The Virus

2023

The Virus

One of the nights that I spent climbing out of a half-dream I was there at the Eiffel Tower looked at it for all of three seconds and it—the surround sound, the smell of stale Pulp, a thousand deadly sins—it was like I was in a casket with stars for a ceiling, laying still though legs moving seeing midnight blue for the first time and not just black masquerading as blue; the colour of romance is always the colour you haven’t seen before. Earlier, when the streets were glitzed out by a languid Paris sun, I escaped the heat to find a hot spot, wrestled museum air around the crowd in front of the famous half-smiling woman. From the corner of my eye a few dozen people away I caught her looking and I swear the universe tilted a fraction of a degree, cloudless blue into an ocean with half its colour and twice its metaphors, and as the night unwrapped and real air stirred, I side-stepped glossy women passing by in teams their arms linked like daisy chains, hair and half strut as seen on TV. I felt the prickle somewhere in or around my body and did not know then that something virus-like entered me filled my head with bigger ideas about the universe; a bud mangled still waiting to bloom it could still be me.
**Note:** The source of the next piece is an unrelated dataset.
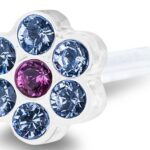 BLOMDAHL Kolczyk do przekłuwania uszu Daisy 5 mm 12-0114-46 plastik medyczny kwiatek niebieski/róż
And the ancient rock its steel its dust its rusted spaceships were not so old the ground couldn’t be resoiled a life couldn’t be replotted—we will plant seeds over catacombs, imagine the sidewalks flushing green my cheeks lust-red until there’s no imagining left because we are there—we don’t wait for stars to constellate I don’t think they ever will to be totally honest with you but I am sure more of them came alive that night, I saw them, and from where I was looking up at the endless open-top hall, I swear they could’ve been dancing it’s what we call twinkling here on earth when they die. A billion stars came alive and a billion more died that night all watching me I was there I was really there. Some nights I close my eyes.